One can read both muse and matriarch into the phrase ‘mother mold’ as well as conception, pregnancy and birth. In the case of the Annunciation Lilies (2013), Edmier has sculpturally appropriated the lilies and vases from specific Renaissance Annunciation paintings. The ubiquitous flowers cast in pale dental acrylic and polyurethane traditionally act as a gate between the Mary and angel, symbolically standing for the mother’s virginity. Central to the exhibition is Edmier’s sculpture Beverly Edmier, 1967 (1998). Cast in candy-like pink translucent resin, Beverly Edmier is a life-sized sculpture of the artist’s mother as she was at twenty-two years old and nine months pregnant with the artist. Caressing her womb with her right hand, she gazes down at her belly in an intimate early exchange between mother and son. The botanical sculpture Fireweed (2002/3) is an act of biological renewal. The plant, Chamaenerion Angustifolium, is known to be the first to grow after a forest fire, or in this case a volcanic eruption. The delicately cast acrylic leaves and flowers are lightly dusted with volcanic ash from the Mount St. Helen’s eruption in 1980, the same year of the artist’s burgeoning adolescence.
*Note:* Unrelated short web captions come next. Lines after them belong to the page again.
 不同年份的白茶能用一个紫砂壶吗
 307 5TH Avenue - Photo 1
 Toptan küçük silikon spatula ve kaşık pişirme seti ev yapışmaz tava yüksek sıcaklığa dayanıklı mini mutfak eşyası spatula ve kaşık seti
The installation Edmier imagines (2017) is fifty life-cast portraits displayed like the ancient Roman masks known by the same title. One portrait is hung for every year in the artist’s life, with four self-portraits of the artist at different ages. The Roman Imagines were masks life cast of the family passed down through generations. Edmier’s cast portraits connect in familial ways: they portray the artist’s family, friends, heroes and influences. Yet, rather than masks of the dead worn by the living, Edmier’s plaster cast portraits stem from the artist’s years in the Hollywood special effects industry. The connection to Hollywood turns the permanence and memorial of the mask into a starting point for transformation to come. Michael Jackson becomes a teenage werewolf, Jeff Goldblum—The Fly, David Bowie—a New Wave vampire, and Matthew Barney—a well-groomed Satyr. As in all of Edmier’s work, one can find familiar identities and structures reshaped and transformed.
Keith Edmier was born in Chicago, Illinois. His work has been shown throughout the United States and internationally. He has been the recipient of survey exhibitions at the Frans Hals Museum in Haarlem, the Netherlands (2012) and CCS Bard Hessel Museum, Annandale-on-Hudson (2007). He has held solo exhibitions at The Andy Warhol Museum in Pittsburgh (2003) and the Los Angeles County Museum of Art (2002). His work was featured in the 2002 Whitney Biennial and in group exhibitions at the Sculpture Center in New York (2013), the Walker Art Center in Minneapolis (2012), Kunstwerke in Berlin (2007), Tate Modern in London (2007), Tate Liverpool (2005), Museum of Contemporary Art in Rome (2007), Kunsthalle Vienna (2004), and Migros Museum in Zurich (2004). His work are in the permanent collections of major museums such as the Tate Gallery, London; San Francisco Museum of Modern Art; The Walker Art Center, Minneapolis; and the Israel Museum, among others. He is the recipient of the Louis Comfort Tiffany Foundation 2001 Biennial Award.
Petzel Gallery is located on the third floor of 35 East 67th Street between Madison and Park Avenues, New York City. Gallery hours are Tuesday through Saturday from 10:00 AM–6:00 PM.